SUPPLIED DATA Block Start

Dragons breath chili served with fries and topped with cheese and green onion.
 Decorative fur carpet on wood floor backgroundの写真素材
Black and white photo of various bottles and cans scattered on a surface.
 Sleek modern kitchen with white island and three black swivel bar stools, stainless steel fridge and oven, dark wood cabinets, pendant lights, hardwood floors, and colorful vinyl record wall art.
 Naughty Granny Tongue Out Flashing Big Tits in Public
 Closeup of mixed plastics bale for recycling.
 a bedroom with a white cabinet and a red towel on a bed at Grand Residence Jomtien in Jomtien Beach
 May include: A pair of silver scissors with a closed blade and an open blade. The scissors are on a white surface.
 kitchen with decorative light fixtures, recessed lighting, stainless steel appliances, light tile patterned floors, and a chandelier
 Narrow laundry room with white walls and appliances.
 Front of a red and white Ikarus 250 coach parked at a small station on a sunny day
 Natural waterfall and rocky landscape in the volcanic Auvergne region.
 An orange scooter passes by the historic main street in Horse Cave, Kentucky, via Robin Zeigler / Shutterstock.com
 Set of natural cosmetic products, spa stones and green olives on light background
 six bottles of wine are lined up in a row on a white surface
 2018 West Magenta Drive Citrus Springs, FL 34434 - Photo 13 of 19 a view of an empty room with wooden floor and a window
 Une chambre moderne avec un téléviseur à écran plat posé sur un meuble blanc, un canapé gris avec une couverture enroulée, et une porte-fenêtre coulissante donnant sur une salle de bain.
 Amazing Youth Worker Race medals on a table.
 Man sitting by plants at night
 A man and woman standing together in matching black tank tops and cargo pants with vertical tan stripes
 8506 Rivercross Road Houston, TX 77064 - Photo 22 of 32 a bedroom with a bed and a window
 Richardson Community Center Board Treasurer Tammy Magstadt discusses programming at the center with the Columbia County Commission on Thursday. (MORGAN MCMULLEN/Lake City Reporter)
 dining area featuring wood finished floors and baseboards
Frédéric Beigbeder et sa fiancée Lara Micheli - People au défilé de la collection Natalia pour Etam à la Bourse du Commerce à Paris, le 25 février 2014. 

SUPPLIED DATA Block End

**WHAT THE TASK ASKS:**
Print the lines above from the one with "Narrow laundry room" through the one with "2018 West Magenta", both included, exactly as written and nothing more.

**EXERCISE ANSWER:**
 Narrow laundry room with white walls and appliances.
 Front of a red and white Ikarus 250 coach parked at a small station on a sunny day
 Natural waterfall and rocky landscape in the volcanic Auvergne region.
 An orange scooter passes by the historic main street in Horse Cave, Kentucky, via Robin Zeigler / Shutterstock.com
 Set of natural cosmetic products, spa stones and green olives on light background
 six bottles of wine are lined up in a row on a white surface
 2018 West Magenta Drive Citrus Springs, FL 34434 - Photo 13 of 19 a view of an empty room with wooden floor and a window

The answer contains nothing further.